_Working data_:
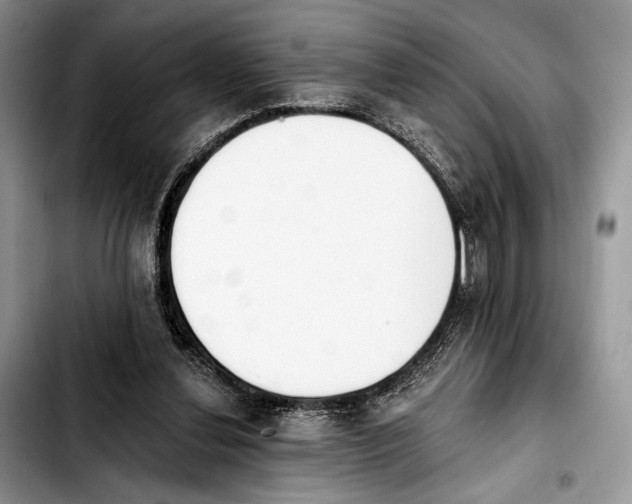 X0000103910252200810101314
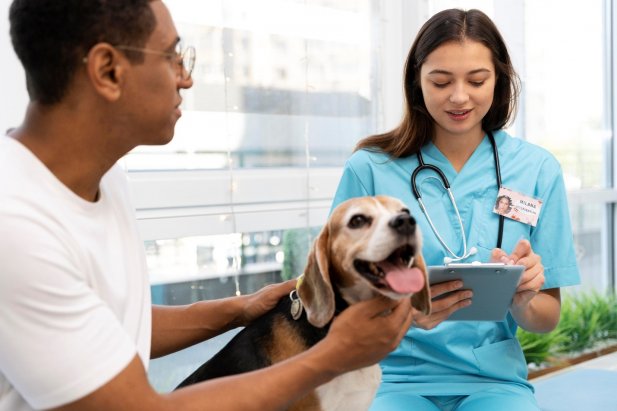 A Comprehensive Guide to Veterinary Education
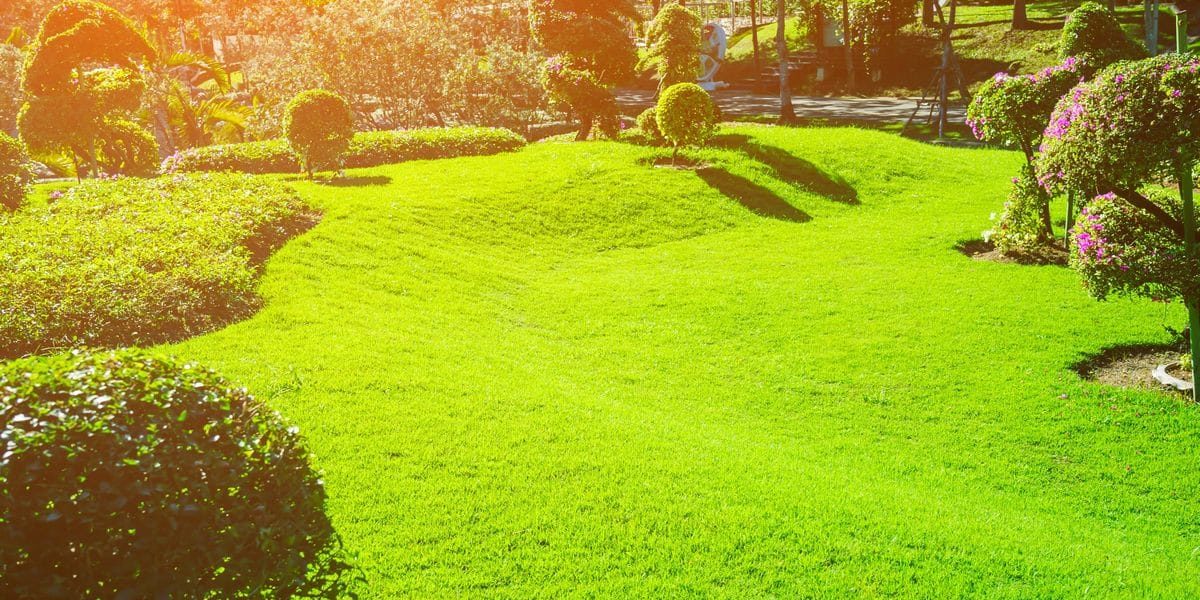 jardin maison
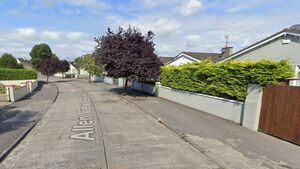 Kildare estate's footpaths in 'awful state'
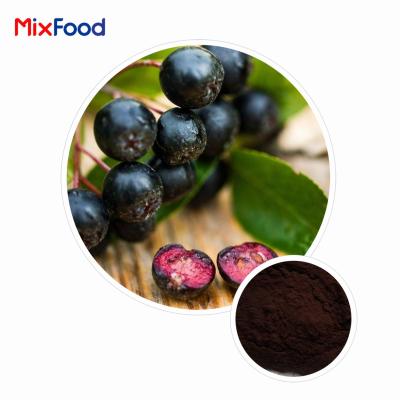 Aronia Berry Extract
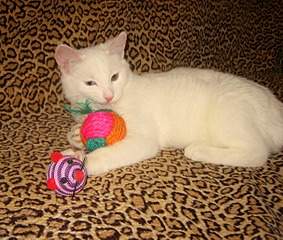 1275 X 1081 448.4 Kb      .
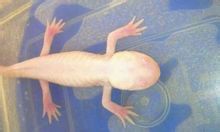 甲状腺素诱变个体 甲状腺素诱变个体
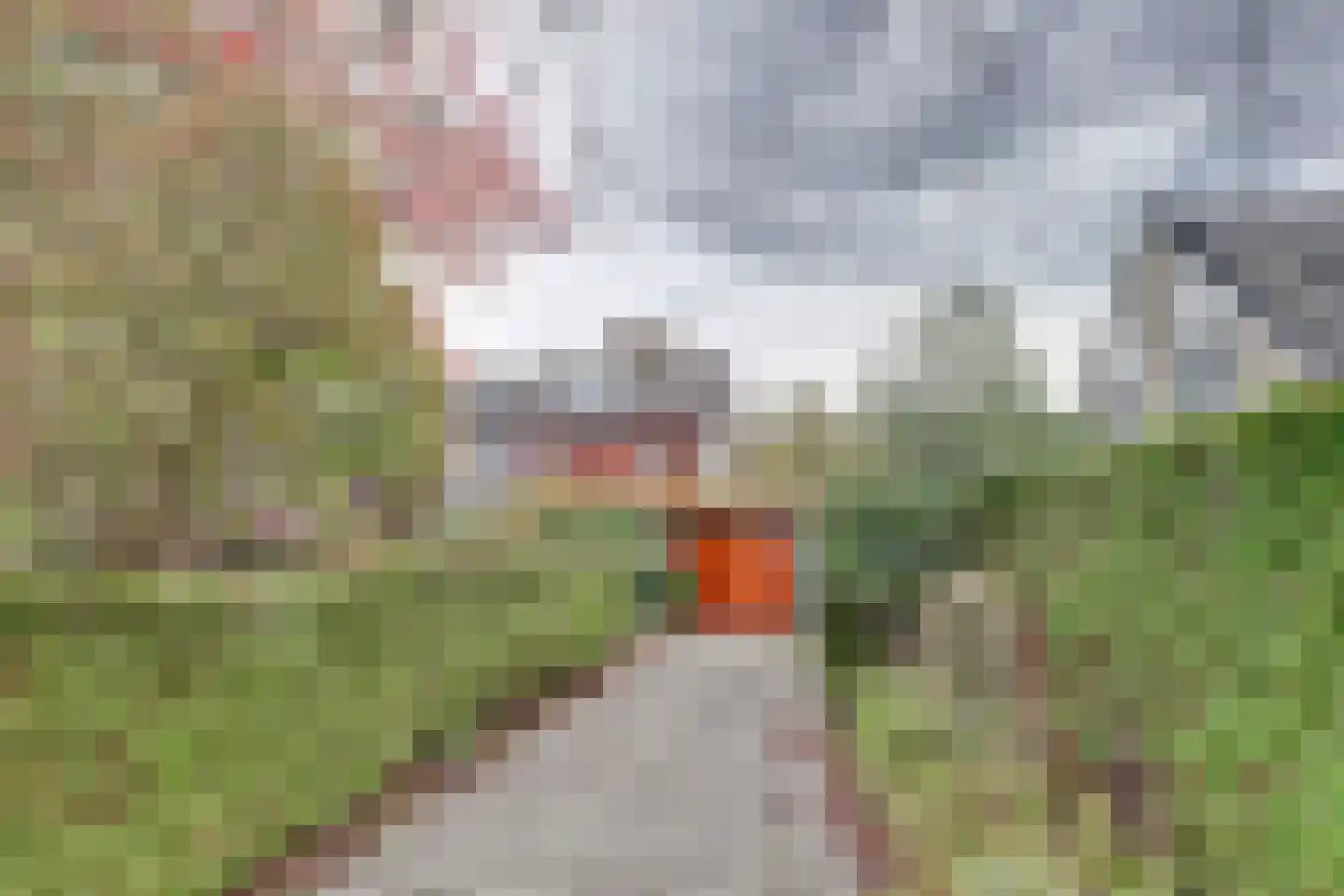 Griene Leane 16 Stiens thumbnail 5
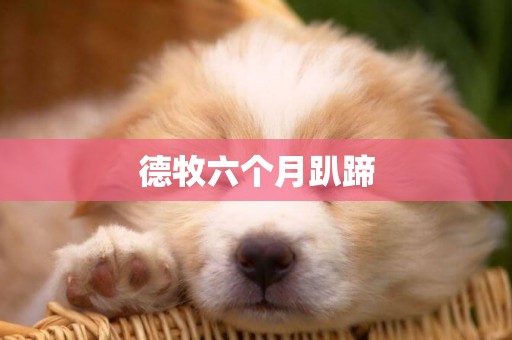 德牧六個月趴蹄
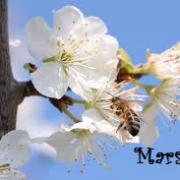 Mars bis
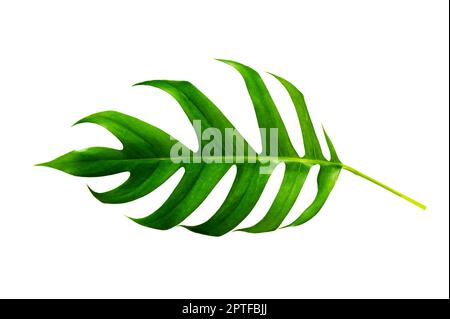 giungla tropicale monstera foglie isolate su uno sfondo bianco Foto Stock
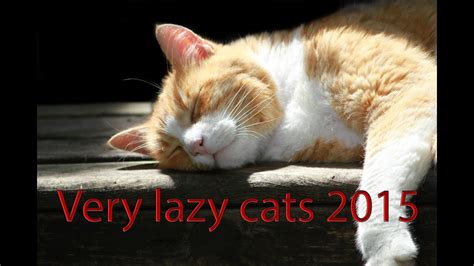Very Lazy Cats 2015 Youtube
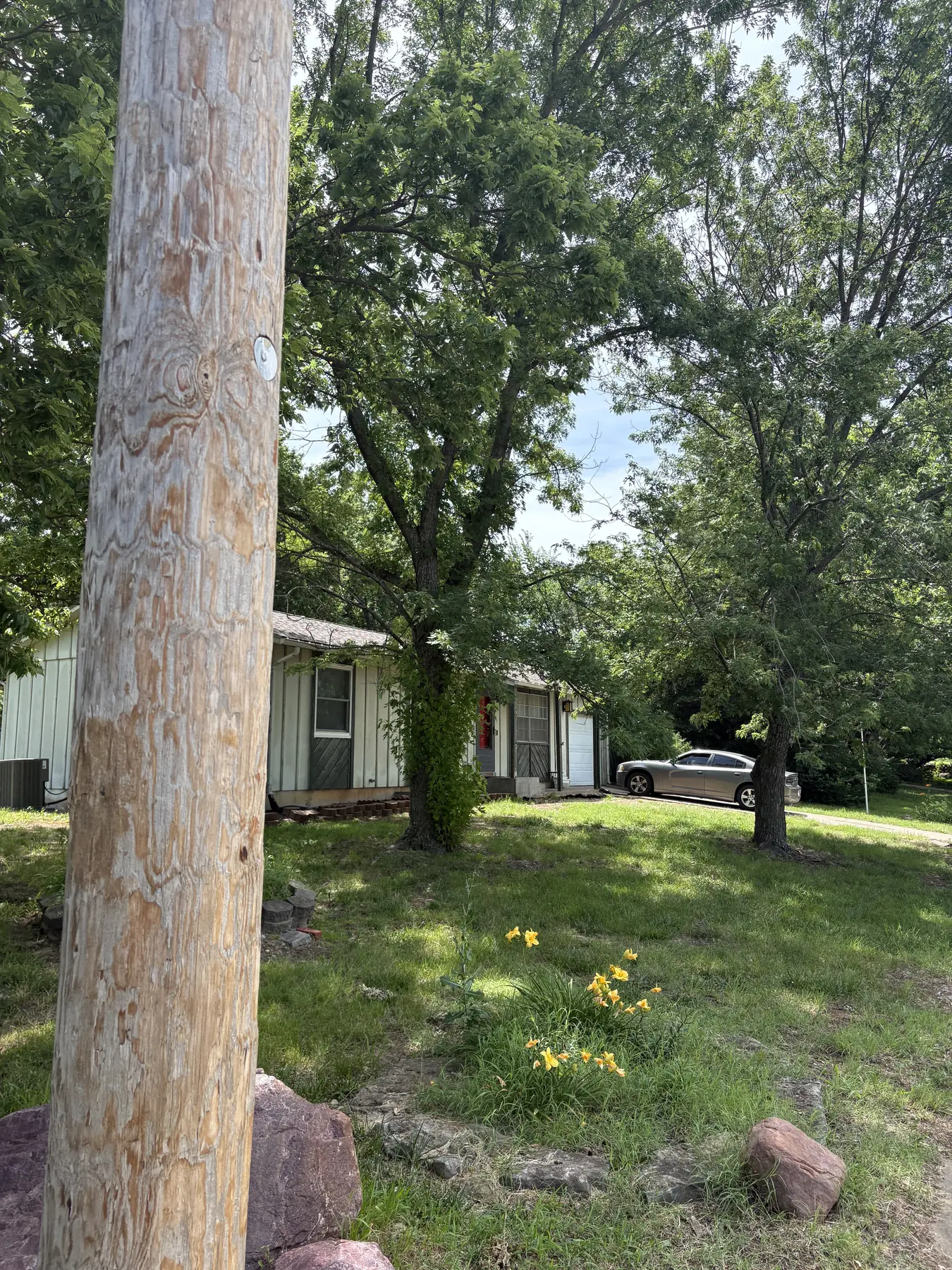 Open residential yard after tree work and debris removal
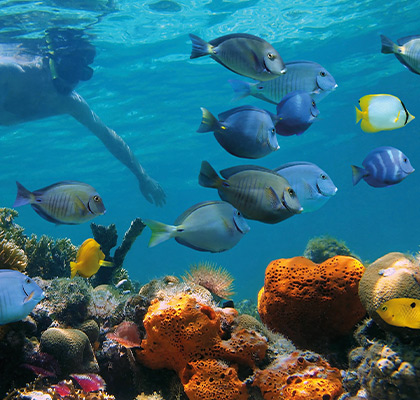Discover the water activities in Saint Martin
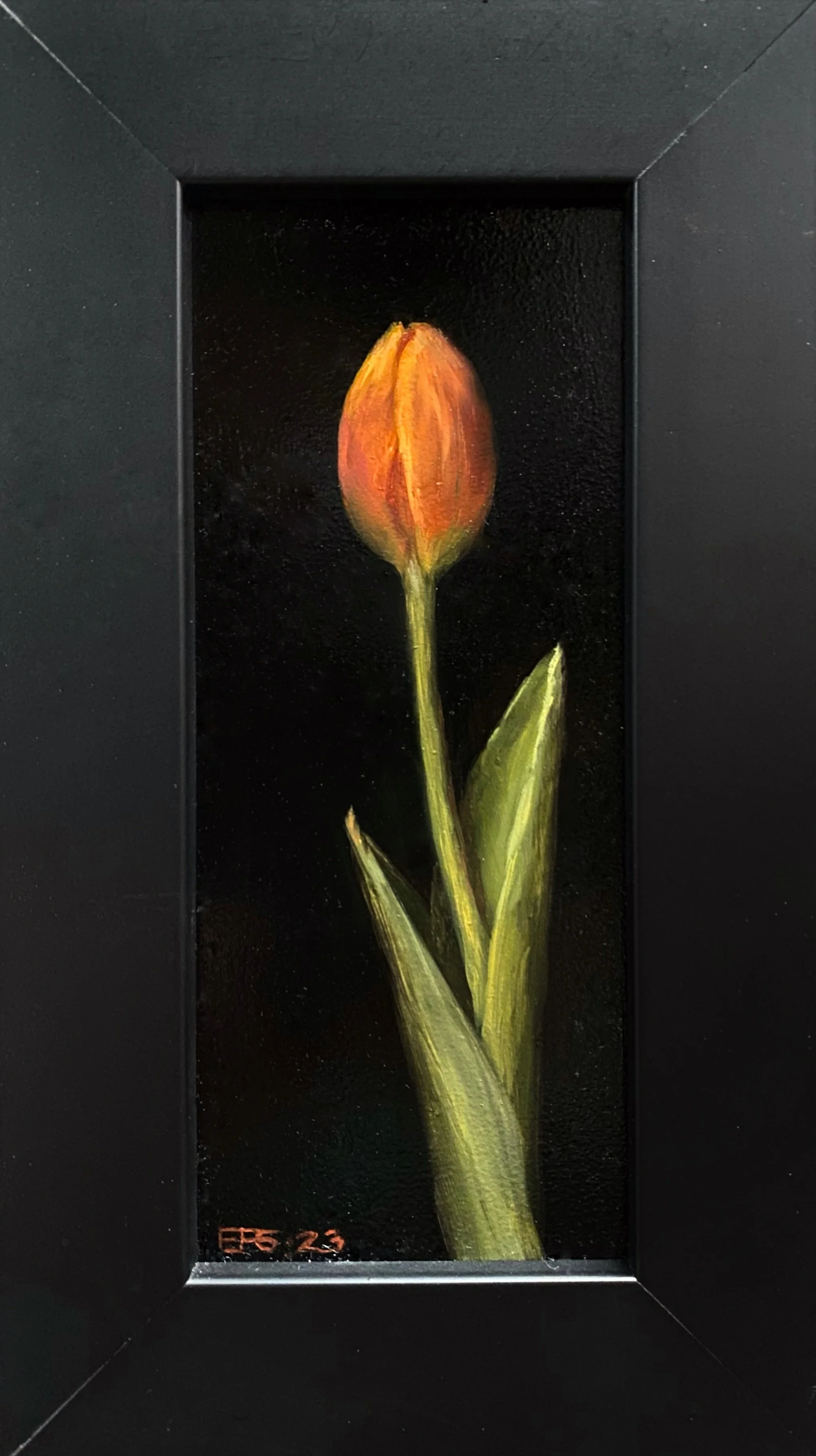 Orange Tulip full, 24x14cm, $145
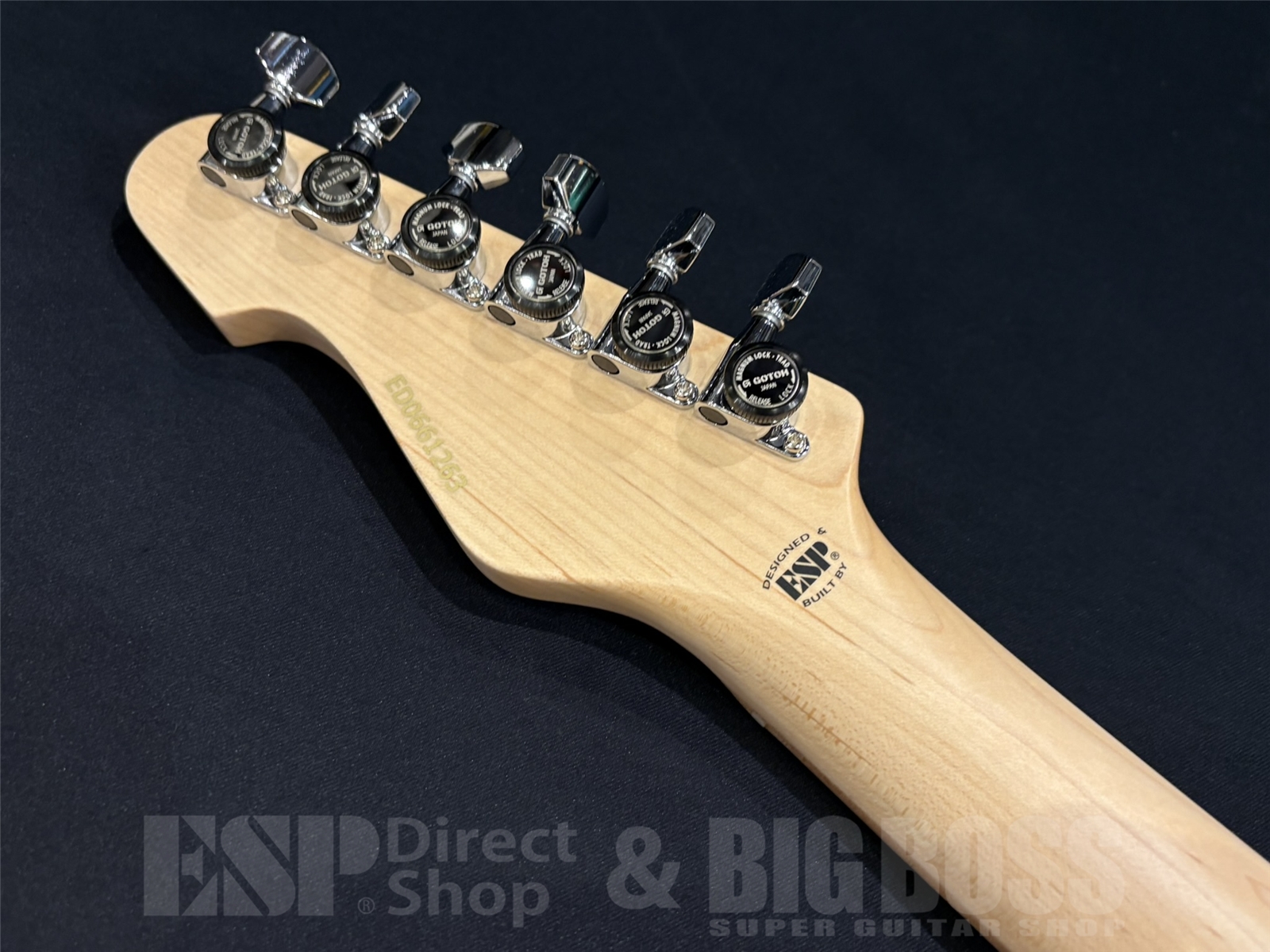 【即納可能】EDWARDS(エドワーズ) E-SNAPPER-AS/M / See Thru Blue Sunburst 京都店 - 11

_Exercise goal_:
With the pictures left out, write out all of the data exactly.

_Answer to this problem_:
 X0000103910252200810101314
 A Comprehensive Guide to Veterinary Education
 jardin maison
 Kildare estate's footpaths in 'awful state'
 Aronia Berry Extract
 1275 X 1081 448.4 Kb      .
 甲状腺素诱变个体 甲状腺素诱变个体
 Griene Leane 16 Stiens thumbnail 5
 德牧六個月趴蹄
 Mars bis
 giungla tropicale monstera foglie isolate su uno sfondo bianco Foto Stock
Very Lazy Cats 2015 Youtube
 Open residential yard after tree work and debris removal
Discover the water activities in Saint Martin
 Orange Tulip full, 24x14cm, $145
 【即納可能】EDWARDS(エドワーズ) E-SNAPPER-AS/M / See Thru Blue Sunburst 京都店 - 11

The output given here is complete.